Diesel weather front

David G

Well-known Member
I finally got a weather front on my truck after the 3rd winter. Ford quit supplying them on the new trucks and the aftermarket ones had snaps to install on the grille. The good folks at Alaska tarp and tents put straps on one for me so that I could but the snaps out of sight under the hood.
 
I pull the engine fan off in the winter and then use cardboard to cover the radiator I use to have a cold front but it went with the old truck I had .
 
My dad did that, had to leave heater fan running, but he forgot one time and it boiled over.
 
Only time I've boiled over is when pulling long hills and I forget to slide the cardboard over I use to pieces of cardboard that way I can slide it like a sliding window to regulate air flow .
 
Be careful with the cardboard in front of radiator. I put it in my truck , got about 6 miles down the road and over heated and blew the bottom hose. It split about 6 inches lengthwise. Of course it was original on a 94 F-150.
 
Only use cardboard directly against the radiator if you want to over heat your engine and blow it up sky high!

I've used winter fronts on all my pickups since 1981, a 300-6 F150. With the winter front away from the radiator air can still flow thru the core and cool the engine. With cardboard against the radiator you completely take that part of the radiator out of the heat transfer business. An engine sitting idling with cardboard covering 90% of the radiator will overheat sitting still in less than five minutes.

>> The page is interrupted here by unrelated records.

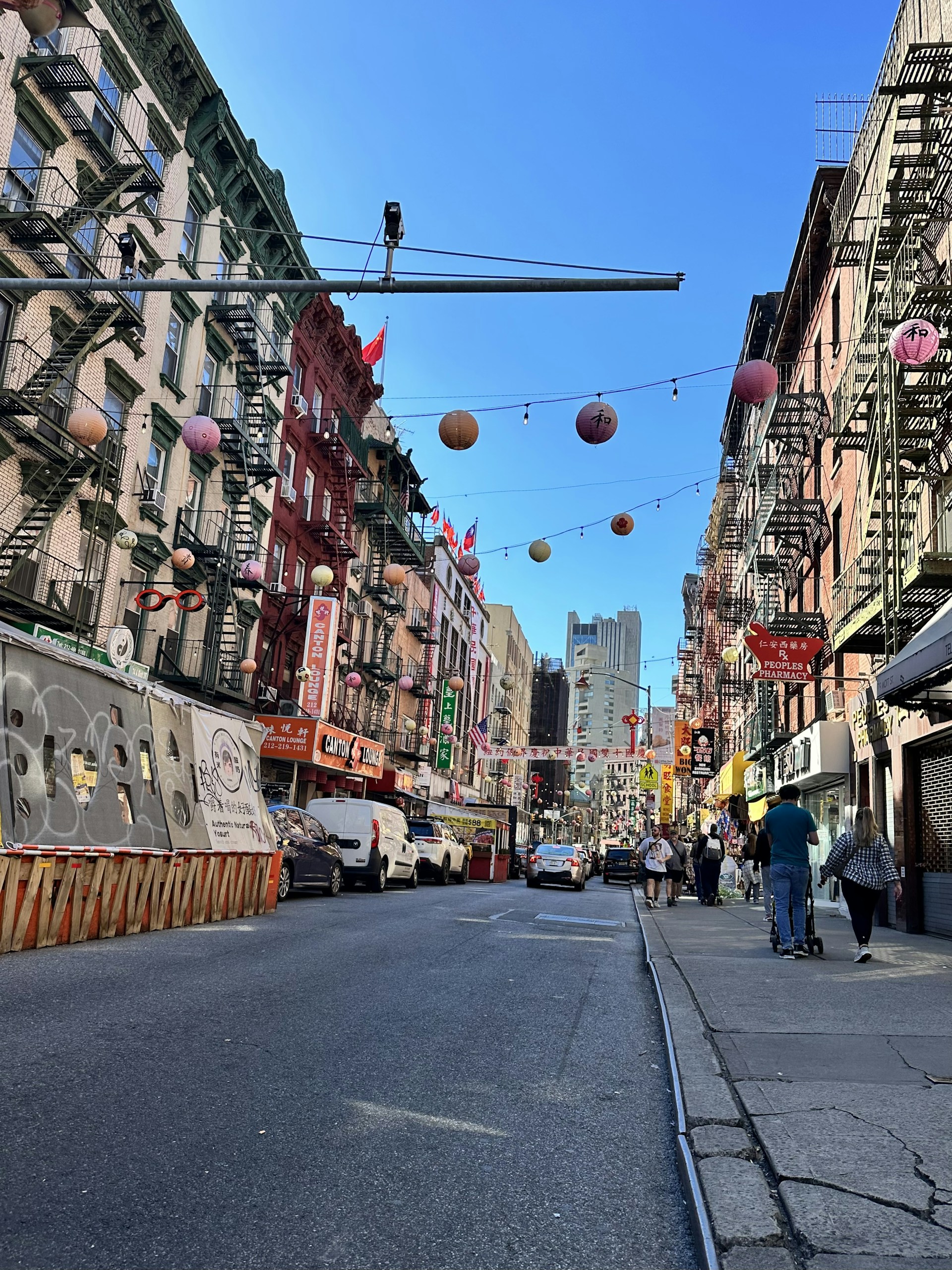 An artistic shot of a vibrant city street, filled with life and colorful storefronts.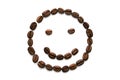 Image of a fun smiley face from a variety of coffee beans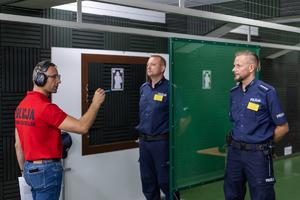 Na zdjęciu instruktor strzelań mówi do policjantów.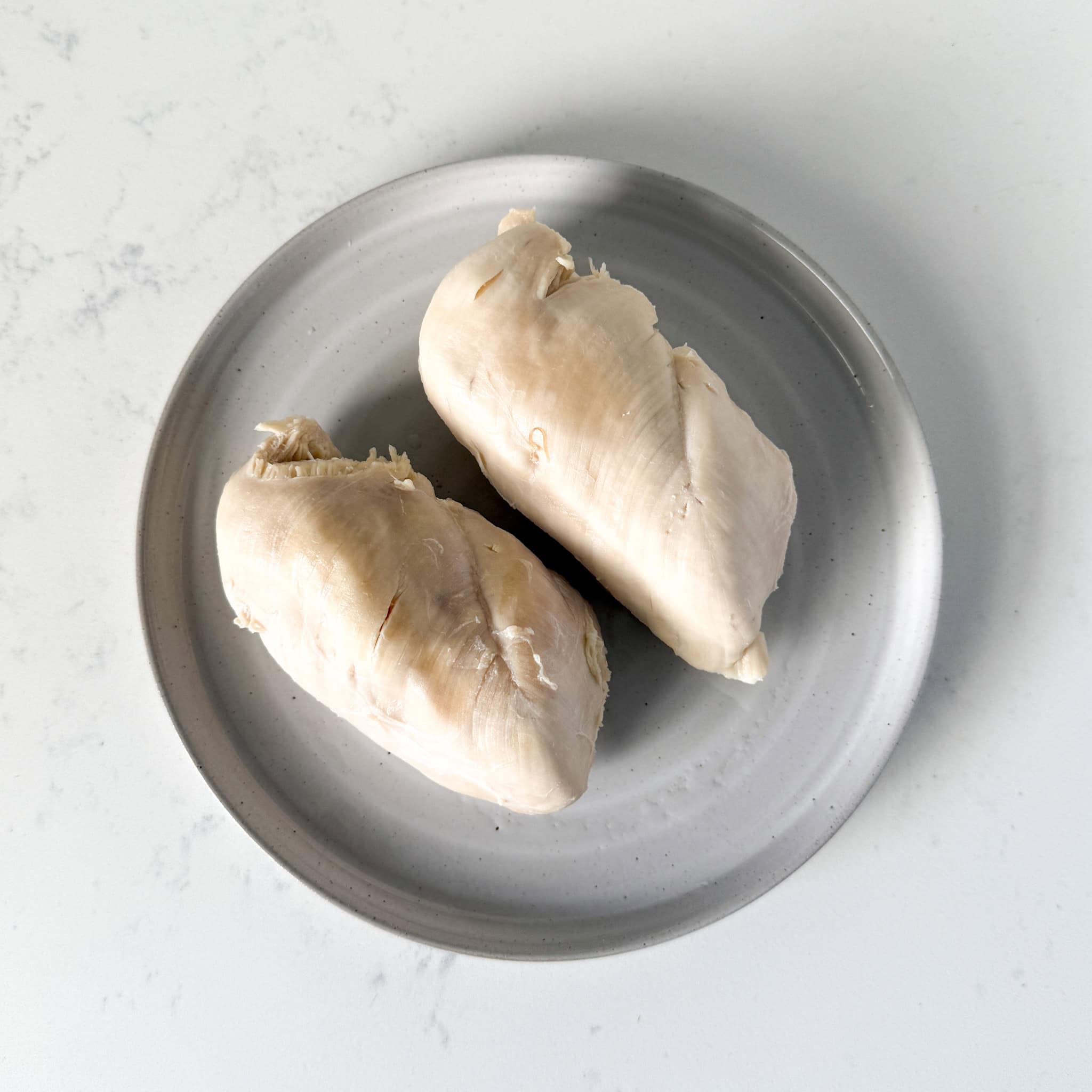 Boiled chicken breasts resting on a plate.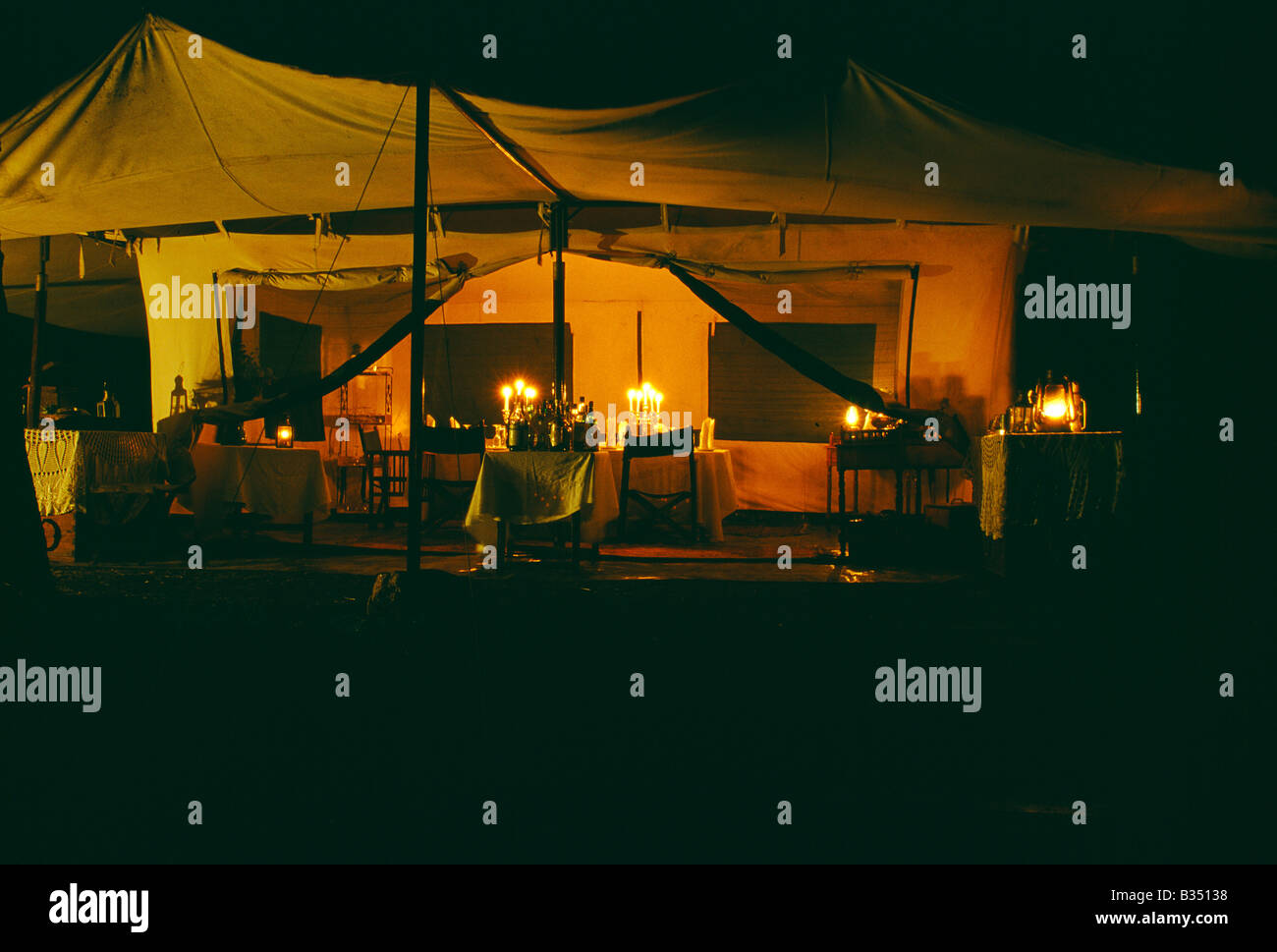 Kenya, Masai Mara. Table laid for dinner in the main dining tent, Cottar's 1920s Camp. Stock Photo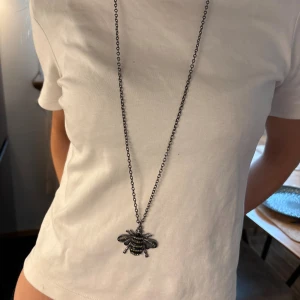 Långt halsband med bi-hänge - Unikt långt halsband i silverfärg med ett stort bi som hänge. Biet har glittriga detaljer och svarta ränder, vilket ger en cool och lekfull look. Kedjan är tunn och stilren, perfekt för att sticka ut med en statement-accessoar.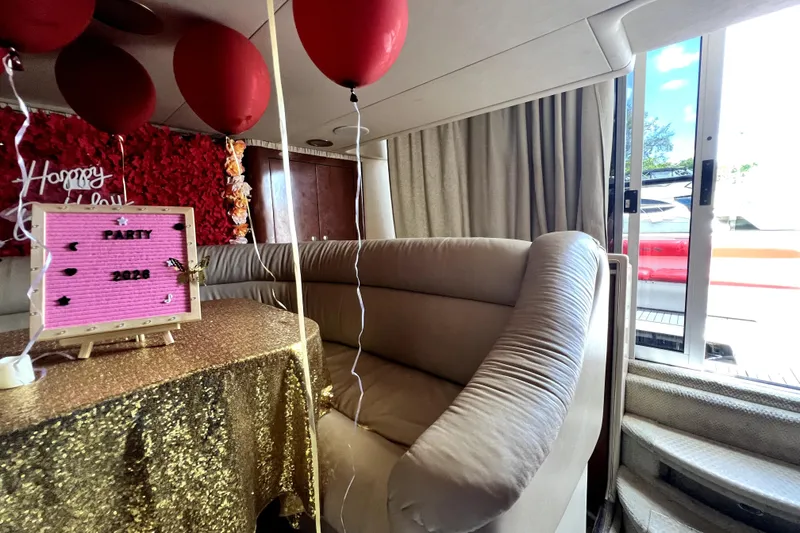Slide: The Image of Interior of 2002 Sea Ray 450 Express Bridge decorated for a party with balloons and sign. - 26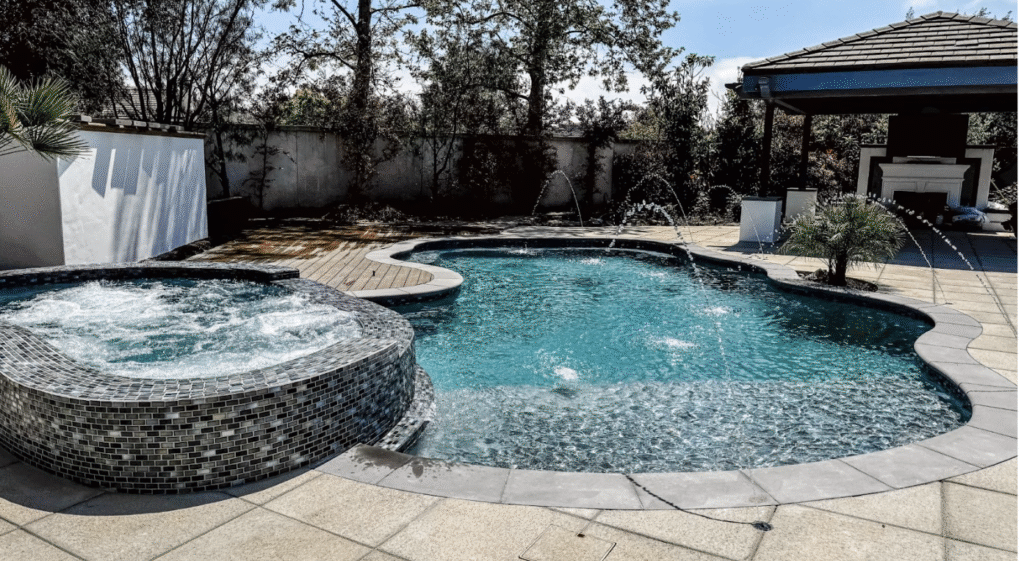 Close-up of various patio paver types including concrete, stone, and brick arranged in a modern backyard layout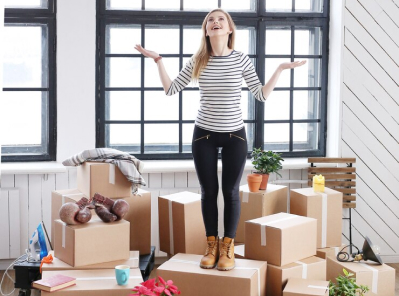 Woman standing on cardboard boxes in a bright room, gesturing with hands, surrounded by moving supplies, reflecting Octopus Moving Company's services in Belmont, MA.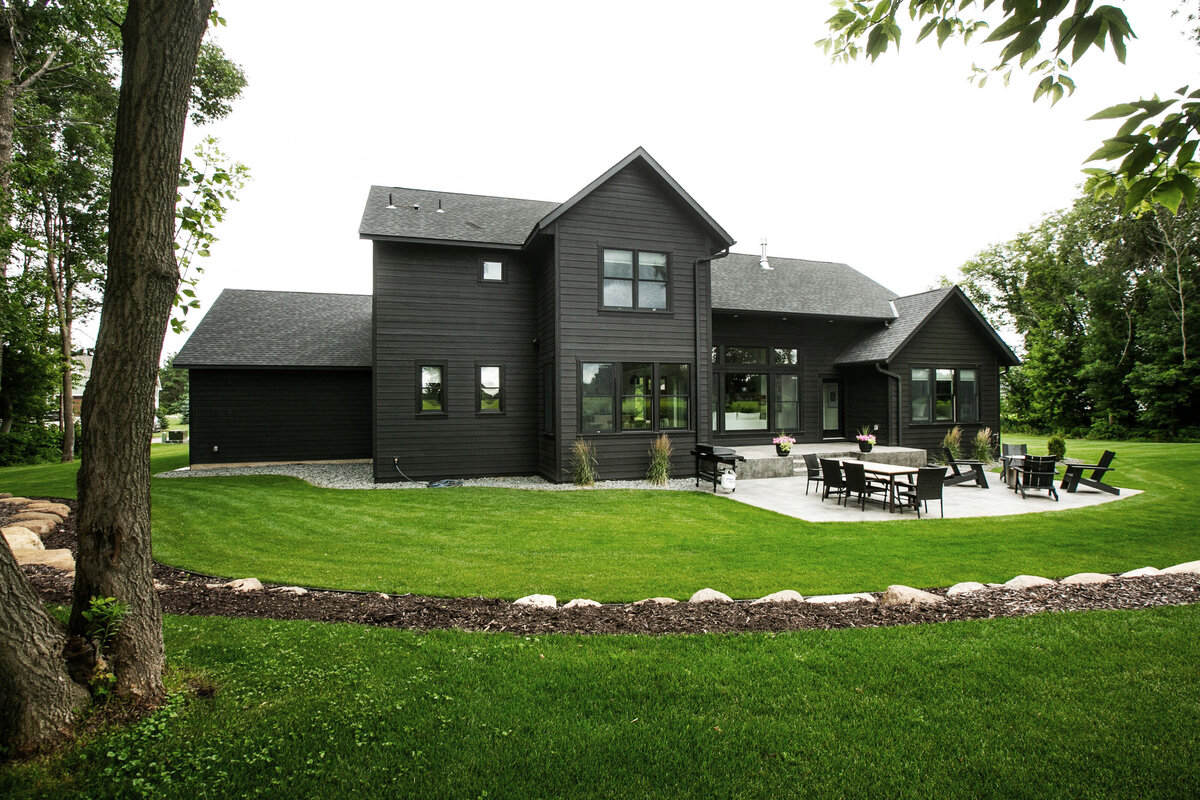 Exterior view of custom home in Otsego, Minnesota with black siding, large patio and windows built by Cornerstone Custom Builds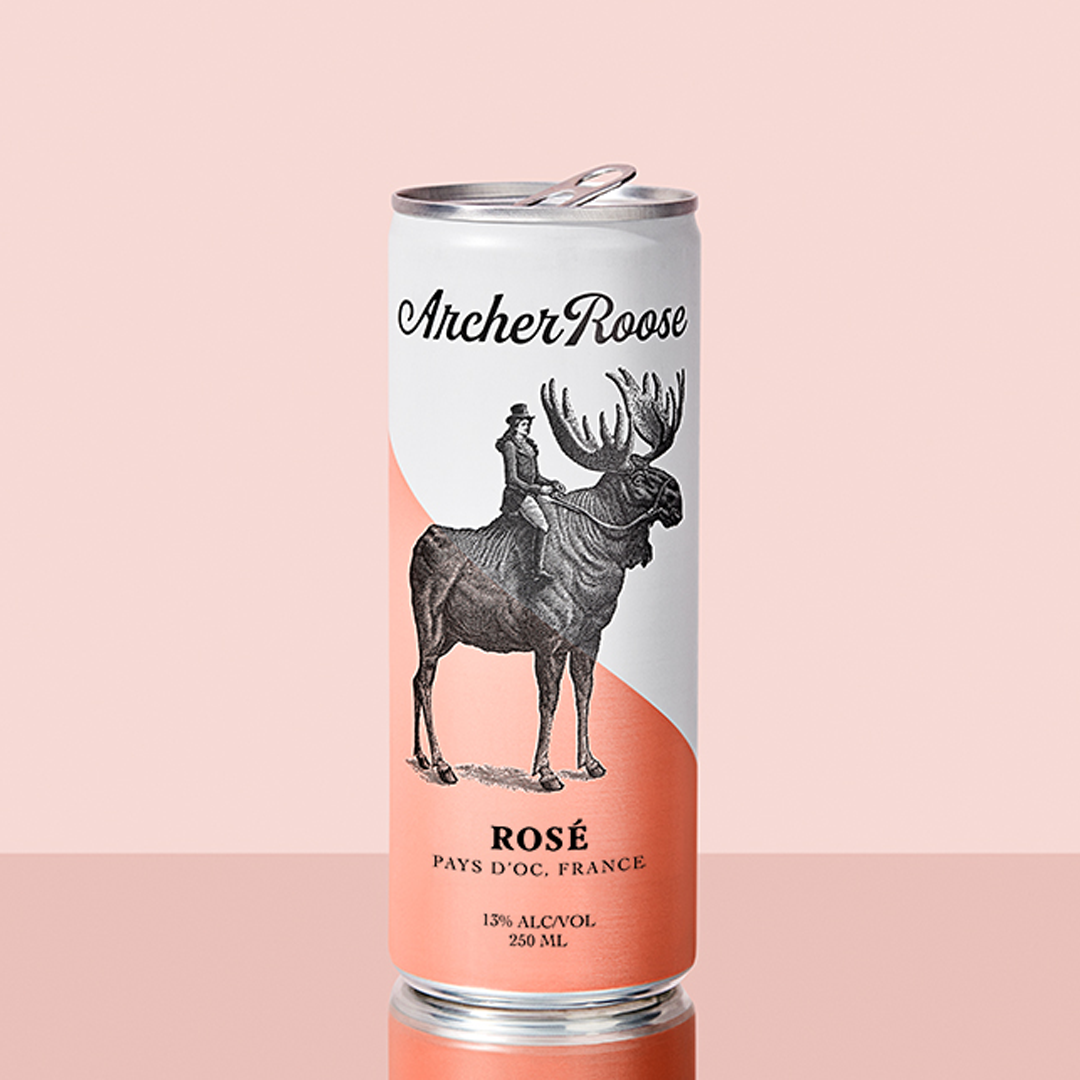 Archer Roose Rose Wine in a Can on a reflective surface | Archer Roose Wines | Wine in a Can | Canned Wine | Luxury Wine. In Cans | Rose | French Rose | Pays D'Oc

Son's brand new '14 Ram 2500 came with a winter front as part of the cold weather pkg.
 
I've used cardboard off and on all my life. Course, mornings like this one (+20F) is about as cold as it gets. The temp gauge on the dash tells you how hot the system is and once you open the stat the whole shebang is about the same temp. Course I didn't get on the interstate and do 70 either. So I never had an issue and I can recall years ago that I too took the fan off. However that was more of a nuisance and only did it a couple of years.

Mark
 

I don't know why you would. With the T'stat closed the cold coolant stays in the radiator and with the fan not turning it slows how fast it cools off any way. I thought that seventies technology had it covered.
 
One slight correction here....
A GASOLINE engine will overheat at idle. Most diesels will idle all day without even reaching operating temperature. I once drove a Cummins N-14 over 30 miles with a blown water pump without overheating. Ran it up to speed, kicked it out of gear, idled it down to almost cold, and repeated the procedure. Diesels only get hot when you make them WORK.